Au nord Mali, « chacun pour soi »

Déjà tentaculaire, la mosaïque des groupes armés qui composent le paysage de la rébellion au Nord Mali s’agrandit. A travers un communiqué diffusé le 10 octobre, des membres de la communauté touarègue « Kel Ansar » dont le territoire s’étend de la frontière mauritanienne à la région de Gao, ont annoncé la création d’un nouveau mouvement armé, le « Congrès pour la Justice dans l’Azawad » (CJA) censé veiller à l’application des accords de paix signés avec l’Etat malien en juin 2015 à Bamako. « Tout en réaffirmant son adhésion au processus d’Alger, la communauté Kel Ansar et ses alliés décident de la création d’un mouvement politico-armé dénommé « Congrès pour la Justice dans l’Azawad, pour garantir la viabilité et la fiabilité de l’application de l’accord ».

A sa tête, l’ancien ministre de la fonction publique et ex cadre du MNLA, Hama Ag Mahmoud, avait claqué la porte du mouvement en décembre 2012 suite à l’alliance de circonstance nouée avec groupe terroriste Ansar Dine d’Iyag Ag Ghali pour lancer une offensive contre plusieurs camps de l’armée malienne dans le nord du pays. C’est pourtant un ancien du HCUA – un groupe qui compte un grand nombre d’ex membres d’Ansar Dine –  Abass ag mohamed Ahmad, qui a été désigné chef d’Etat-Major militaire du CJA.

La création d’un énième groupe armé au Nord Mali reflète la tendance à l’émiettement de la rébellion touarègue et la perte d’influence du MNLA et de la CMA de moins en moins capable d’offrir une ligne directrice aux nombreuses revendications. « Aujourd’hui chaque tribu doit prendre en main son destin » résume, amer, un touareg. « C’est même chacun pour soi » affirme un autre.

Début septembre, l’ex cofondateur du MNLA, Moussa Ag Acharatoumane, avait pointé les nombreux déséquilibres au coeur du mouvement et de la CMA critiquée pour son incapacité à prendre en compte les desiderata d’autres tribus que celles des Ifoghas qui contrôlent l’essentiel de la région de Kidal. Son divorce de la CMA a été scellé par la création d’un nouveau mouvement : « le Mouvement pour le Salut de l’Azawad ».

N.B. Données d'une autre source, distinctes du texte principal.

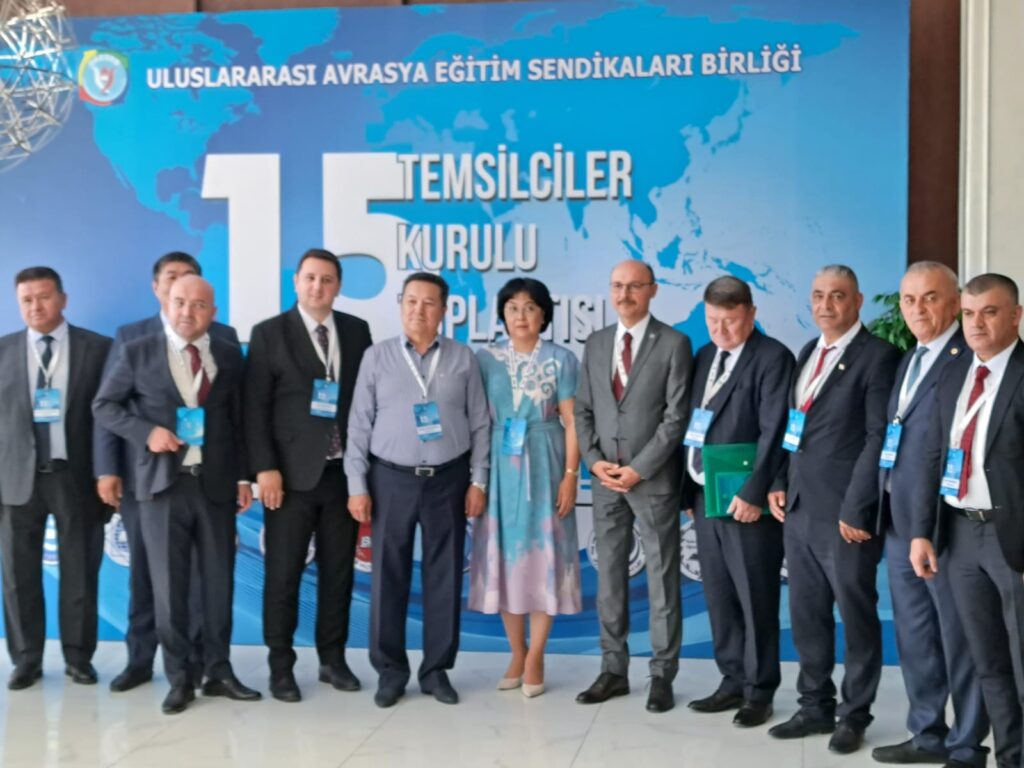 Memur-Sen, Uluslararası Avrasya Eğitim Sendikaları Birliği toplantısına katıldı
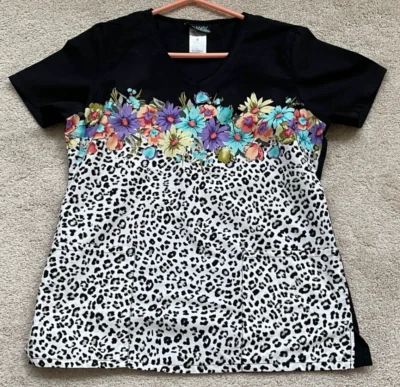 Blusa Médica Cherokee Runway Blanco y Negro Leopardo y Colorido Margarita Spray Para Mujer M Foto 1 de 3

Par ailleurs, fin avril dernier, le MNLA perdait une figure emblématique : son porte parole en France, Moussa Ag Assarid, qui a dénoncé l’abandon « des idéaux et objectifs du Mnla » par ses dirigeants.

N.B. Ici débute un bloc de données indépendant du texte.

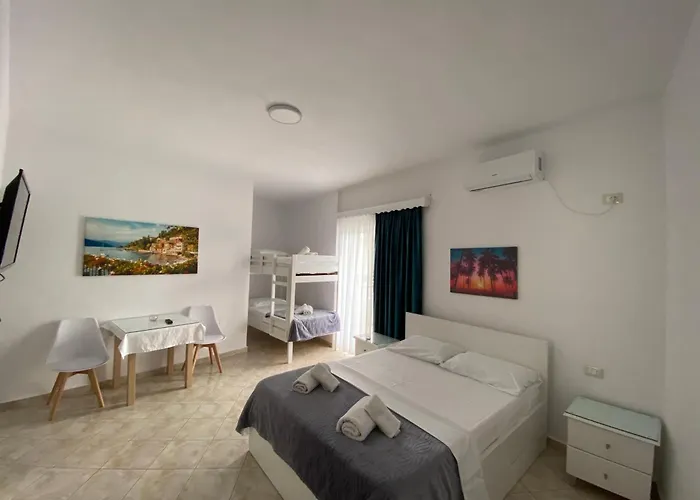 Kafe Hotel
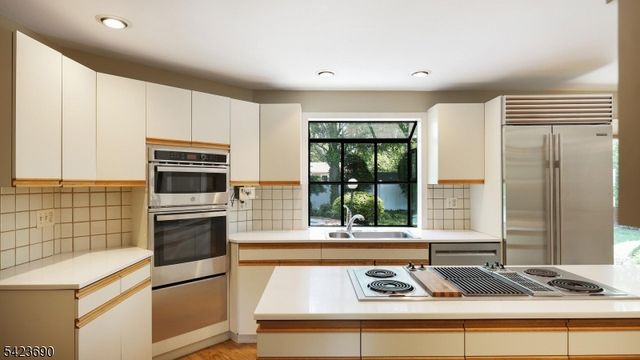 2278 Edgewood Ter, Scotch Plains Twp., NJ 07076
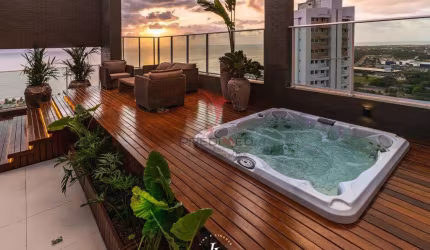 Cobertura  Alto Padrão, Cabo Branco, piscina,porteira fechada,,4 Suites,6 Vagas,Vista Mar!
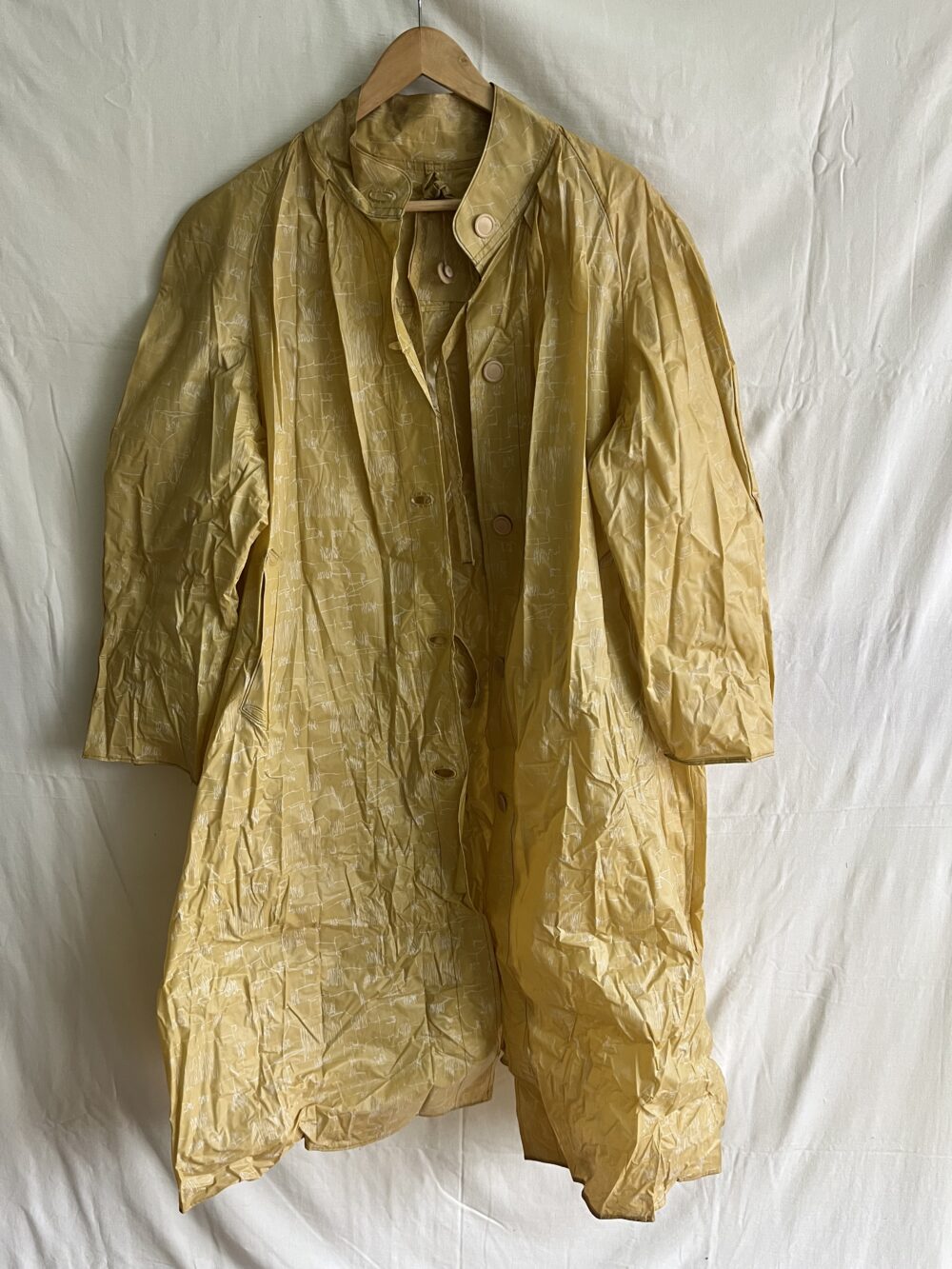 Pláštěnka, plášť do deště z dob socialismu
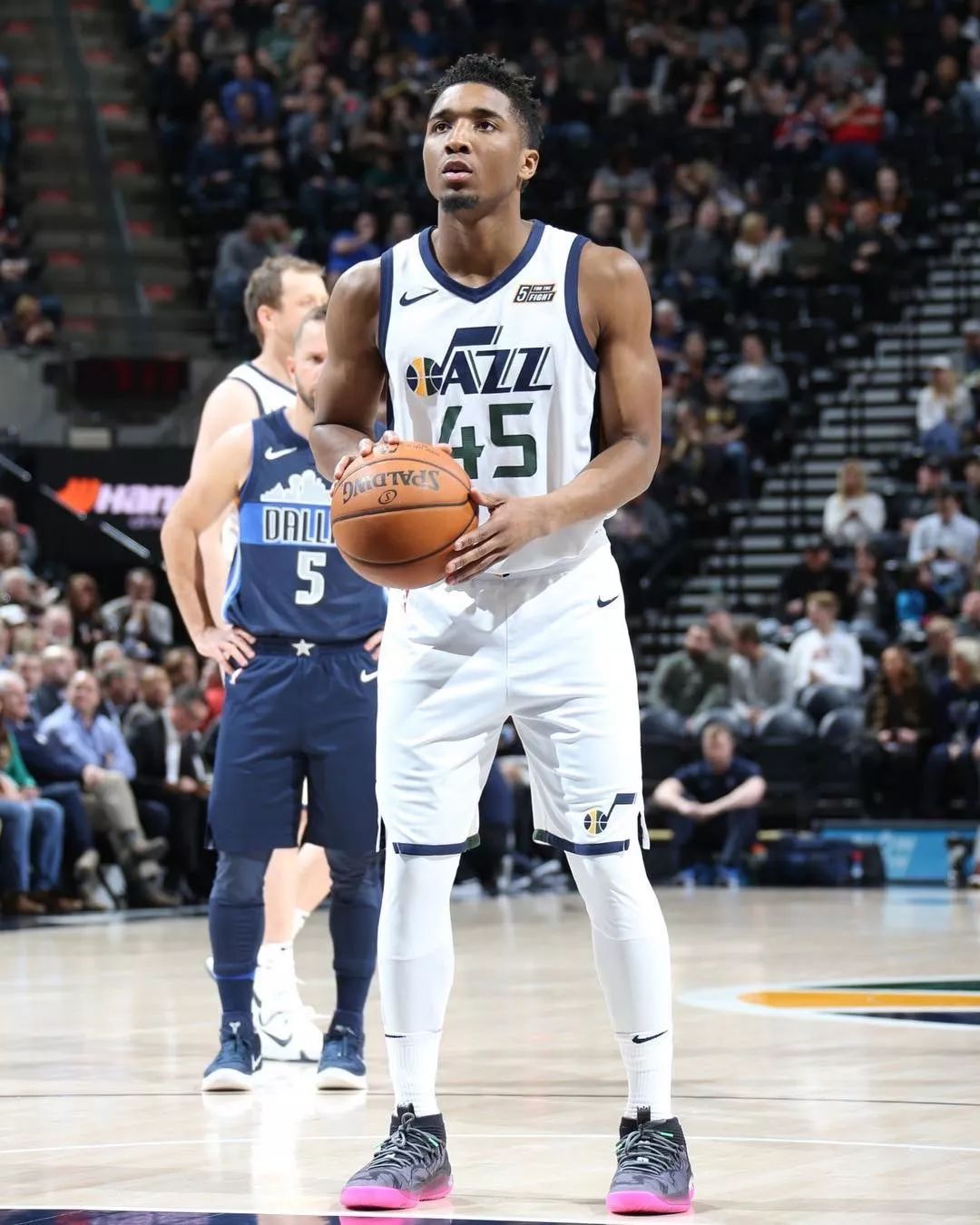 德转列英超不含BIG6球员最贵阵：吉马良斯、托纳利7500万领衔（德转盘点英超非BIG6最贵阵：吉马良斯、托纳利以7500万领衔）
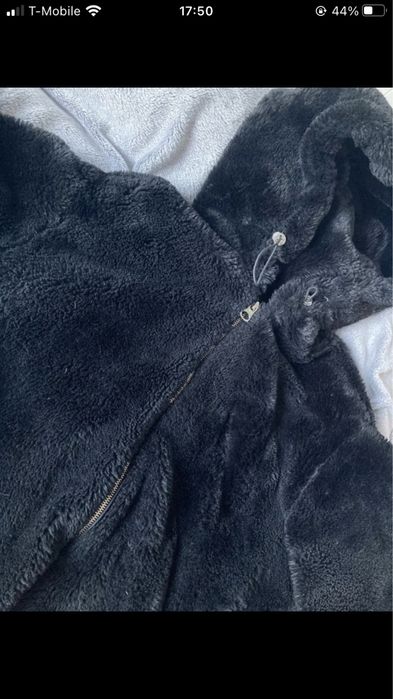 Futerko bershka czarne.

Ces récentes scissions s’ajoutent à d’autres plus anciennes telles que celle effectuée par le colonel Hassan Ag Mehdi, alias « Jimmy le rebelle », qui a fondé un mouvement baptisé le Front populaire de l’Azawad en décembre 2012 réunissant de nombreux membres de la tribu Chamanamass présents dans la région de Gao.